Cela pourrait réduire la demande pour ces produits, avec un effet domino sur
les volumes importés.
Mais
c’est surtout pour l’Afrique que l’impact serait plus rude. «Une réduction des
exportations induirait une baisse de la production locale, des pertes
d’emplois, et par ricochet, des effets sur les recettes fiscales », fait-il
savoir. Le Bénin, par exemple, exporte des produits comme l’anacarde, le
karité, l’ananas et le textile vers les États-Unis grâce à l’Agoa. Si ces
produits perdent leur avantage tarifaire, ils deviendront moins compétitifs
face aux concurrents asiatiques ou sud-américains.
Fin déguisée
Officiellement,
l’Agoa prend fin en septembre 2025. Mais cette nouvelle pression tarifaire
pourrait précipiter une rupture. « On peut parler d’un affaiblissement graduel,
voire d’une fin déguisée», affirme l’expert. Des pays comme le Ghana ont déjà
entamé des pourparlers bilatéraux pour maintenir des avantages douaniers malgré
le contexte tendu. « La suspension actuelle ne garantit pas que la mesure sera
annulée. Au contraire, elle prépare le terrain à une refonte de l’accord,
peut-être en défaveur des pays africains », insiste-t-il.
Face
à cette incertitude, Florent Kpatindé préconise une réponse continentale à
travers la Zone de libre-échange continentale africaine (Zlecaf). « L’Afrique
doit cesser de subir les humeurs des grandes puissances. Il est temps de bâtir
un marché intérieur solide et interconnecté », recommande-t-il. Pour ce faire,
il encourage le développement de chaînes de valeur régionales (Cvr), capables
d’intégrer plusieurs étapes de transformation sur le continent. « Le coton
burkinabè, par exemple, pourrait être filé au Bénin, tissé au Ghana et cousu en
Côte d’Ivoire. Cette intégration régionale rend les produits africains plus
compétitifs, tout en générant des emplois dans plusieurs pays », propose-t-il.
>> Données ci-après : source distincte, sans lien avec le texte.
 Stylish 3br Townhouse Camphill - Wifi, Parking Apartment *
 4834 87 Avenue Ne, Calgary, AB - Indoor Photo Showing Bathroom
Ces chaînes de valeur régionales permettraient également aux Pme africaines
d’accéder à des technologies modernes, à des marchés plus vastes et à des
financements adaptés, ce qui renforcerait leur résilience face aux chocs
extérieurs.
Pour
Forent Kpatindé, cette crise pourrait devenir une opportunité pour le Bénin. «
C’est le moment de miser sur la qualité, la traçabilité et la transformation
locale dans les filières agricoles exportatrices », recommande-t-il. Le pays a
déjà engagé des efforts dans le textile, notamment à travers la Zone
industrielle de Glo-Djigbé (Gdiz), qui accueille des unités de transformation
de coton et de confection. Mais il trouve que cela ne suffira pas et qu’il
faille investir dans la formation, le packaging, le branding "Made in
Benin" et surtout, la normalisation des produits pour les adapter aux
standards internationaux.
Enfin, pour espérer renégocier un accord plus équilibré avec les États-Unis, l’Afrique devra parler d’une seule voix. « Une approche individuelle serait suicidaire. C’est ensemble que les pays africains peuvent peser dans les négociations. Sinon, ils seront traités comme des partenaires faibles, chacun dans son couloir», estime l’expert en commerce international. Cette unité sera essentielle face à un président américain qui affiche une volonté claire de défendre à tout prix les intérêts économiques des États-Unis, quitte à bouleverser des accords de longue date.